Using the material that follows, work out how many lines include the word "Living". Your answer should be that number only.

→ **Material provided**:
┏━━

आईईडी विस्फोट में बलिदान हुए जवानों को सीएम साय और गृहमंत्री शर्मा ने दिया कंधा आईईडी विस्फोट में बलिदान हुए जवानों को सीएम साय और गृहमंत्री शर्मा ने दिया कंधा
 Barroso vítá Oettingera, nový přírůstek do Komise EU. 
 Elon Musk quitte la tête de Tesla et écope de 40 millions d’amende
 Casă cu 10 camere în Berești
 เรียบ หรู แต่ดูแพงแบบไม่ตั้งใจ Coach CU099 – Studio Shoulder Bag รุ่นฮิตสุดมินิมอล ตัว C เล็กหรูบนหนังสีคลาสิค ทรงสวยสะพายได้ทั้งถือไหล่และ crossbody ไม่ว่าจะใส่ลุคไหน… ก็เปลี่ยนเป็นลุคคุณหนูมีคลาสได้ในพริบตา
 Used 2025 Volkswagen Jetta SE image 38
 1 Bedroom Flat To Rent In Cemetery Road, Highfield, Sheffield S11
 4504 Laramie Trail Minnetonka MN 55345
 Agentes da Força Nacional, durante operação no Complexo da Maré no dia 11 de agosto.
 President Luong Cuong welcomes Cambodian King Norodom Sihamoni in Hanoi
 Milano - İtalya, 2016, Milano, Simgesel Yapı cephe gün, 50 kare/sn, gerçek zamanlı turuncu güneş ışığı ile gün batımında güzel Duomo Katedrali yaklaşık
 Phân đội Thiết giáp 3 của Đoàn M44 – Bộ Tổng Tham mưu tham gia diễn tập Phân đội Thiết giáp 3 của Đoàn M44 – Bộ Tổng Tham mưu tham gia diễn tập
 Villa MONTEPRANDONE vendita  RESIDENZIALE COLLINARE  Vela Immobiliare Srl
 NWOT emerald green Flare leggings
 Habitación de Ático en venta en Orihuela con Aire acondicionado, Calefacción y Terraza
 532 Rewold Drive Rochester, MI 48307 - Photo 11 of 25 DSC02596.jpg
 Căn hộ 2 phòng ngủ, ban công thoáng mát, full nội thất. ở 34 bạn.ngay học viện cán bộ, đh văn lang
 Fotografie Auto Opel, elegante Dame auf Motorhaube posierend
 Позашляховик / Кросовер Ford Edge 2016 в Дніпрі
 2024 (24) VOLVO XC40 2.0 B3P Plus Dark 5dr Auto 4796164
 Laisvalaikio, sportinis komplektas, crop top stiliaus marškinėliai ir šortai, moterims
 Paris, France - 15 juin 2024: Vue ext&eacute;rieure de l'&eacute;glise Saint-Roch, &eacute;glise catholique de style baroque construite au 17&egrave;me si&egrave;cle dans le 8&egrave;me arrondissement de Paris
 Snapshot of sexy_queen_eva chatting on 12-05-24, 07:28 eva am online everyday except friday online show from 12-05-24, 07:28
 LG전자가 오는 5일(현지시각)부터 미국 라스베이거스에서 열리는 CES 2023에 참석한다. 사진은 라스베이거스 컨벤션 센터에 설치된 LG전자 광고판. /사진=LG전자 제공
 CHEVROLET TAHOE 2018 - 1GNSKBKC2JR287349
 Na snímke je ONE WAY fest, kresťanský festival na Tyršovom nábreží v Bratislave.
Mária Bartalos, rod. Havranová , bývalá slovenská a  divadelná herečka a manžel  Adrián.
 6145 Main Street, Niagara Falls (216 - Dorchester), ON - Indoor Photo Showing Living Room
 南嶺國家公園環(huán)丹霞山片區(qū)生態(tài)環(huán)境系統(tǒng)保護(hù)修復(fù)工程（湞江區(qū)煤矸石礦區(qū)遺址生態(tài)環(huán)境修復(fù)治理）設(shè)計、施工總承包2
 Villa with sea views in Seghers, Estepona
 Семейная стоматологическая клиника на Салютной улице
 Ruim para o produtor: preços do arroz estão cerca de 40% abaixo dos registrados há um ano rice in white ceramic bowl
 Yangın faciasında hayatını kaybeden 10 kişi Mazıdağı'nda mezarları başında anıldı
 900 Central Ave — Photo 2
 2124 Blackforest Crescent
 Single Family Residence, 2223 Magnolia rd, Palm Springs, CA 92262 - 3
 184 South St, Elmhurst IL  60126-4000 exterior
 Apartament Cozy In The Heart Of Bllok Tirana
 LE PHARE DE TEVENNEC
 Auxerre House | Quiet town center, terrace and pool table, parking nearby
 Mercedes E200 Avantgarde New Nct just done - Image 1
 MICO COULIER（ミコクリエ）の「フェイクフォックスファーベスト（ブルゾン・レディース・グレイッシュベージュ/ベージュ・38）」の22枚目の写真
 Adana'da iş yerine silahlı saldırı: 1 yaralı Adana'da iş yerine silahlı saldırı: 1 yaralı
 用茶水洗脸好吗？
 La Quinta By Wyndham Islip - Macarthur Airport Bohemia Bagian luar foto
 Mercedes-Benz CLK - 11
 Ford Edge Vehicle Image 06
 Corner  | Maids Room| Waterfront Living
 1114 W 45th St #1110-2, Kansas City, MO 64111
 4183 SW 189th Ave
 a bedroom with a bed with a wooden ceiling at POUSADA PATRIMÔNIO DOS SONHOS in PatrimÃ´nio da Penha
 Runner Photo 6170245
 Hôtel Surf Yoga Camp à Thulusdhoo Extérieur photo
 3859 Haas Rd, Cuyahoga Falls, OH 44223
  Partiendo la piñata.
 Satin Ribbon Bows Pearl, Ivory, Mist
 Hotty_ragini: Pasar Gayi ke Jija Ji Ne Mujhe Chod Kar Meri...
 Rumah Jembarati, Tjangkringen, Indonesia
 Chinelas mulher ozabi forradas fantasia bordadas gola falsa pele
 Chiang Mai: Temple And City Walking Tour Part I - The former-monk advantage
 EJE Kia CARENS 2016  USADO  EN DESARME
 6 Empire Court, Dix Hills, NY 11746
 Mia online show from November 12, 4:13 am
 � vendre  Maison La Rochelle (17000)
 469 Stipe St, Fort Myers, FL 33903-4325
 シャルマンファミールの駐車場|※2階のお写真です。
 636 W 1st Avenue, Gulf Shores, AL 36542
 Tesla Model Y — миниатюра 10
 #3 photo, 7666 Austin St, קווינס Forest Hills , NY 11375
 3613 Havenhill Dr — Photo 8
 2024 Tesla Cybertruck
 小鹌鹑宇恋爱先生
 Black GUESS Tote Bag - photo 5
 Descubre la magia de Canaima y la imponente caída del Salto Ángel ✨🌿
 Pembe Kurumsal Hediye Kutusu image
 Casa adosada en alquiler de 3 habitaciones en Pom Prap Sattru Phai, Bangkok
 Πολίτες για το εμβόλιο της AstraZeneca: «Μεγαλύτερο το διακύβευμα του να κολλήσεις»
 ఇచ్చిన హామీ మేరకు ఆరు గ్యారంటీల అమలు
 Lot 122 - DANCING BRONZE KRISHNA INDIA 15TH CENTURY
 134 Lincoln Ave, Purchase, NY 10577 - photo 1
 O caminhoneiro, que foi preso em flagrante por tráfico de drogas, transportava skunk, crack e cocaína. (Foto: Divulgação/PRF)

┗━━

→ **Result for this task**: 2